Behind the Stanislas Palais are the Ramparts where you can relax in the Grabenloch, a pleasant park on the banks of the River Lauter. To the north of the town are also some Remparts explore.
It is time to take a break. We will drive together via the Col du Pigeonnier (about 432 m above sea level) to the town of Lembach to visit the old castle Fleckenstein and the lake near the border to Germany.
Today it is a ruin, but you can still do a tour of the castle. At the top, you can see the mountains surrounding the castle. It is quite a panoramic view. The best season to see Fleckenstein is in Autumn when the trees are on fire in beautiful colours. But because it will be spring, Tommy can admire the fresh leaves on the trees.
We return to Lembach for lunch, scheduled at 12h30 pm at the Cheval Blanc, which has 2 Michelin Stars. The menu will be a menu surprise.
At 4 pm, we have an appointment with a private guide to visit the bunker at the Ligne Maginot. André Maginot (1877 – 1932) was a French politician who thought of a way to defend France from future German invasions. The Ligne Maginot is an old defence system along the border to Germany.
It was built 30 meters underground where the temperature is a constant 14°C, except for the turrets. It starts here in the Outre Forêt, in Hatten and finishes in the Ardennes, near Belgium. Construction was between 1930 and 1938. Unfortunately, Germany invaded France from the Low Countries, where the line was at its weakest. Today, the underground bunkers open to the public to show the true horrors of war.
After we drive to Woerth to visit many monuments. One of them is the Big Lion from the war of 1870. When Germany invaded France. Tommy might find this confusing, but Germany occupied the Alsace from 1870 to 1918 and then again from 1939 to 1945. There is a small museum in Woerth that describes the 1870 war.
The next step is the oil museum in Merkwiller. Eighty years ago, an oil company discovered oil here and provided work for many people in the region. The Karishmiermacher is the centre of the village. He was a man who walked around the villages to sell cups of oil to households. The landscape around Woerth and Merkwiller is breathtaking.
Our day will end in Hunspach, chosen as the most beautiful village in France for 2020.
The village is full of authentic half-timbered houses. In the village centre, Tommy can admire the view of the square and soak in the village atmosphere.
Tommy is a Very Important Bear. The people in the village have decided to throw a Tarte Flambée party with dancing from local Hunspacher folklore groups.

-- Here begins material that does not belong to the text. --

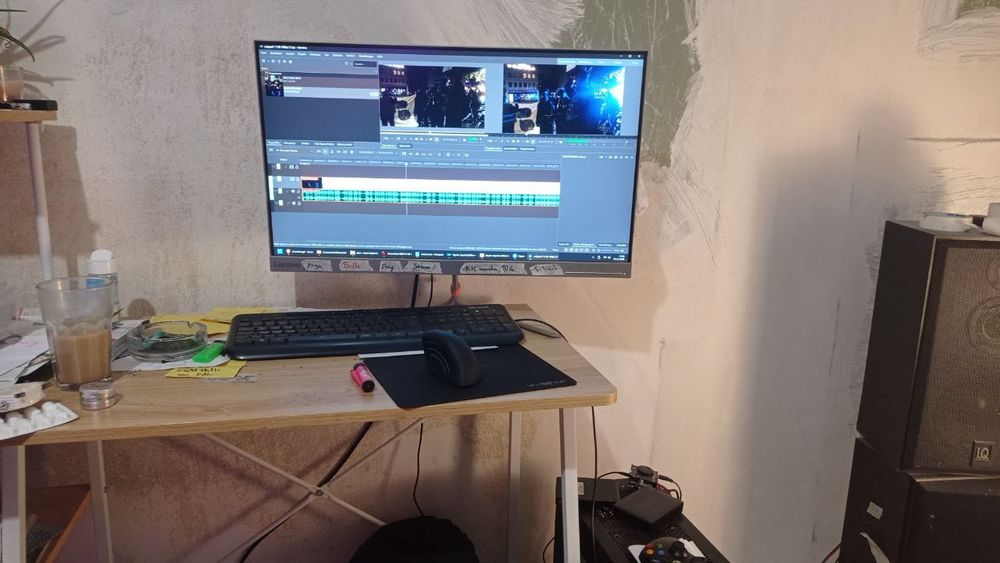 Bild des Schreibtischs mit einem Schnittprogramm offen.
Die Tastatur ist knapp ein viertel so groß wie der Tisch.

We start with an Apéro. The men usually drink Amer Beer whilst the ladies will be served a Crémant.
Amer is a sweet liquid made up of orange zest, lemon juice, Gentiana, sugar and caramel. It has an alcohol content of 18%. A little is poured into the beer glass and then topped with Pilsener.
Earlier, before people baked bread, they made Tartes Flambées. The dough (made from flour and water) is rolled extremely thin, about 5 mm. Then you put a topping of cream cheese, onions and bacon cubes (lardons). The tarte is put into a wood oven and baked for about 5 minutes.
A tarte is shared by everybody. One tarte is served and divided into the number of people at the table. The slice is folded together and eaten as finger food. And people drink white wine with it.
Both Monique and Bernard think Tommy will have a pleasant, relaxing end to a long day full of different impressions.
After two apéros and a bottle of wine, lots of food, Tommy will be worse for wear and perhaps a little tired. He might find it hard to stay awake for the second day, which we will describe in part two.